Success!  Kingdom (as in the "Kingdom Of Cambodia") has some decent-sized financial backers, and therefore has pretty nice digs and (until recently) a European-trained brewer.  There's even a view of the mighty Mekong River across the street from the tasting room.



The brewery is in a former Nestle factory, and is therefore massive.  Plenty of room to expand, and the equipment is all shiny and new and decently large for such a small brewery.


Cases of bottles behind the bottling machine



The brewhouse has many tanks - hot liquor tank, cold liquor tank, mash tun, lauter tun, boil kettle, rice cooker (for the "Gold" which uses rice), etc.  Lots of pushbutton control, too.  Fancy!



So how was the beer, served in a frozen mug (traditional in these parts)?  In a word... meh.  All the beer except the Gold (aka typical light lager) is 100% malt, and the brewery has gotten some good press - but apparently all of it from teetotaler journalists.  The Gold is passable, but is the same as every other beer in the region (possibly a bit sweeter).  The pilsner, which I was really looking forward to, was... the lowlight.  It tasted like a typically premature, unfinished "cloudy pilsner" sold by unskilled brewpubs in hot-climate countries, but run through a filter (for clarity) and a pasteurizer (for flavour stability).  It tasted fruity and yeasty, and not in a particularly good way.  Maybe local palettes like this better than I do, but I'm skeptical.

But there's hope - their "dark" beer is an inoffensive beer along the lines of a mild or a mass-market English brown.  There's a bit of caramel malt in there, not too much bitterness, restrained sweetness, and most importantly no unbridled yeast problems.  Served cold, it's fine.  (Except that it costs twice as much as a light lager.)



The tour cost a few dollars, but our guide was very nice and answered our questions as best she could.  (For instance, there is no refrigeration room for the conditioning tanks - or for the fermenters.  According to our guide they use CO2 jackets for cooling these tanks, and the CO2 is purchased from the Coca-Cola factory down the road.  This seems odd and expensive to me, and some of the beer tastes like it was fermented too warm, but what do I know?)

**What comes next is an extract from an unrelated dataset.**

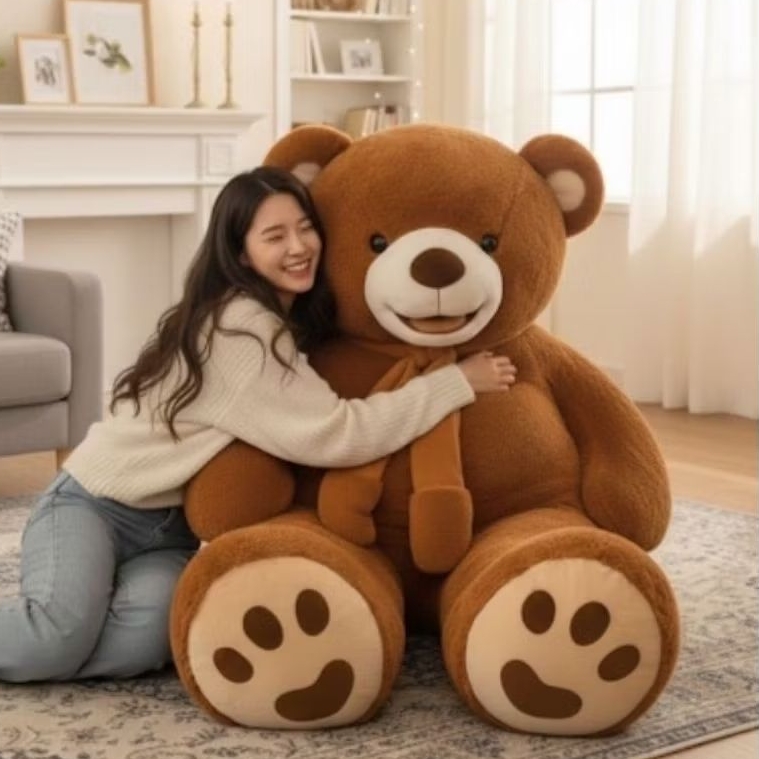 Boneka Tedy bear Beruang SMILE Super Jumbo LOUGHING MOUNT 1 Meter Lebih // Sudah ber-SNI // Cocok Un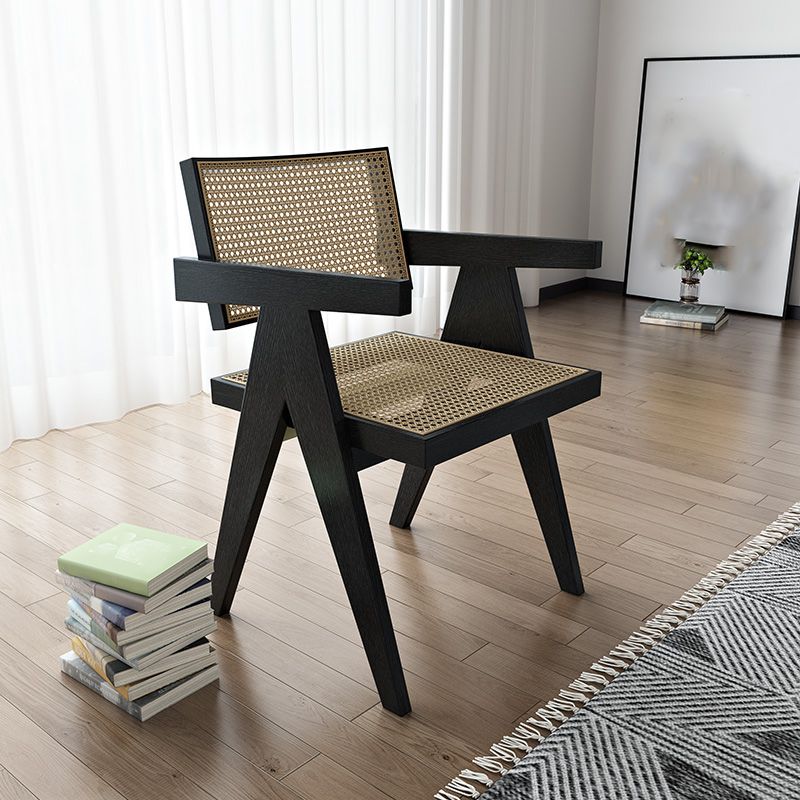 Traditional Style Dining Chair Solid Wood Cane Back Arm Chair for Home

FYI, there's apparently a "pub night" every second Friday or so at the brewery, which online reviews indicate is a lot of fun.


Verdict?


Kudos to Kingdom for making a go of it in a difficult brewing environment.  However, I've lost any hope that there could be a decent microbrewery in southeast Asia, so I'm going to stop investigating and just enjoy the last few weeks of my travel.  Until I return to sweet Vancouver in late April - land of barley, hops and good brewers - I guess it's watery Leo beer for me.


NB - Ever wonder why some breweries pasteurize their beer?  In this region, it's pretty much essential.  The above shop is across the street from Kingdom Breweries.  Those are boxes of beer stacked under the 2:00 pm Phnom Penh sun in the middle of hot season.  Imagine what your west coast IPA would taste like after that kind of treatment?  At least these beers don't have much flavour to begin with.